By Lilian Okoro
Lagos, April 27, 2021 A mental health expert, Dr Olugbenga Owoeye, on Tuesday urged both the Federal and State Governments to work out modalities to ensure universal healthcare coverage for diseases outbreak in Nigeria.
Owoeye, also the Director, Clinical Services, Federal Neuro-Psychiatric Hospital, Yaba, Lagos, made the plea in an interview with newsmen in Lagos.
He said there was need to work out modalities to ensure universal healthcare coverage for many diseases, so that people would not have to pay on their own for most of the cost for health services.
According to him, universal health coverage strategies will enable everyone to access the services that address the most significant causes of diseases and deaths, and ensures quality services to improve health of the people.
Owoeye said that reducing health financial burden on the citizens would help to increase access to healthcare services, improve lives and reduce mortality and poverty in the country.

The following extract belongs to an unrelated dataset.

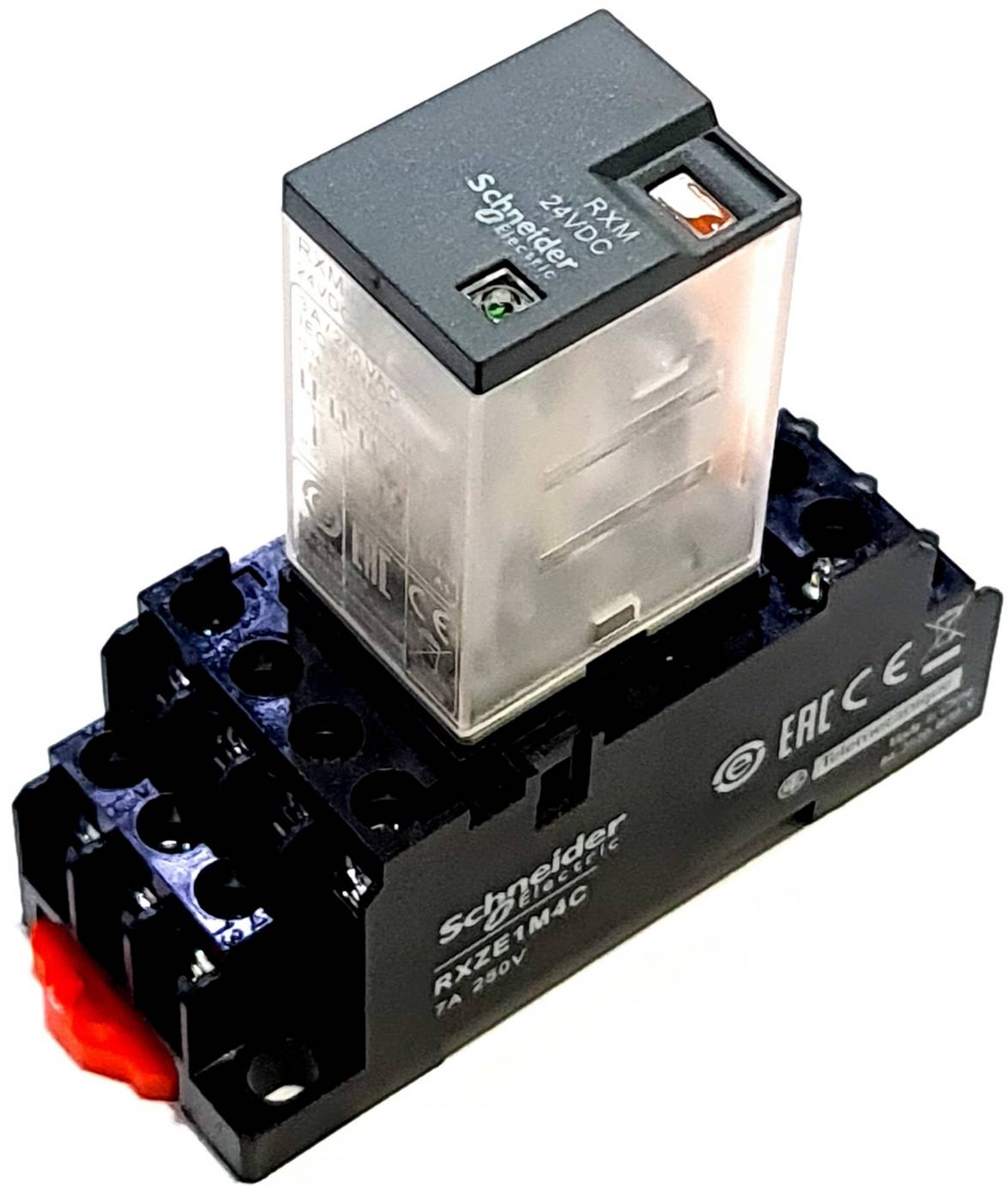 (แพ็ค/10ชุด) รีเลย์พร้อมซ็อกเก็ต ชไนเดอร์ Schneider Electric RXM4LB2BD RXZE1M4C 24VDC 3A 4คอนแทค 14ขา มีไฟแสดงสถานะ LED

“Universal coverage means that all individuals and communities receive the health services they need without suffering financial hardship.
“It includes the full spectrum of essential, quality healthcare services, from health promotion to prevention, treatment, rehabilitation and palliative care across the life course.
“Protecting people from the financial consequences of paying for health services out of their own pockets reduces the risk that people will be pushed into poverty.
Because, unexpected illness requires them to use up their life savings, sell assets, or borrow – destroying their futures and often those of their children.
“When people pay most of the cost for health services out of their own pockets, the poor are often unable to obtain many of the services they need, and even the rich may be exposed to financial hardship in the event of severe or long-term illness.”
According to him, to achieve universal health coverage, a strengthened health system and robust financing structures are key.
He said that Nigeria’s health system was weak and, therefore, needs to be strengthened.
Owoeye noted that the universal health coverage required adequate and competent health and care workers with optimal skills mix at health facilities.
He stated that improving health service coverage and health outcomes would depend on the availability, accessibility, and capacity of health and care workers, to deliver quality people-centred integrated care.
“As a country, we should do a small analysis, look at the opportunities, our strengths and see areas where we can quickly intervene locally.
“We have to begin to see the local opportunities we have that can get people sorted out for different conditions.
“Also, affordability is still something that we should create access to, when we have cheaper medicines, people will go for them.
“We also need to create awareness, train and monitor our healthcare workers,” he said.
Owoeye, therefore, called for the establishment of Public Private Partnership (PPP) in facilities to create and improve access to healthcare.
Now, people are having PPP established in facilities to create access to care; well-meaning organisational bodies can collaborate to support in provision of healthcare facilities.
“So, there are things they can begin to do now, which we were asking people abroad to do for us.
“These are the kinds of strategies that should be deployed,’’ Owoeye said.
He said investment was essential to attaining universal coverage, saying that it has to do with all the resources needed, as well as enforcement of available policies.
Owoeye said that health coverage was the concern of everyone, the healthcare team and the population, as the population could pool and demand.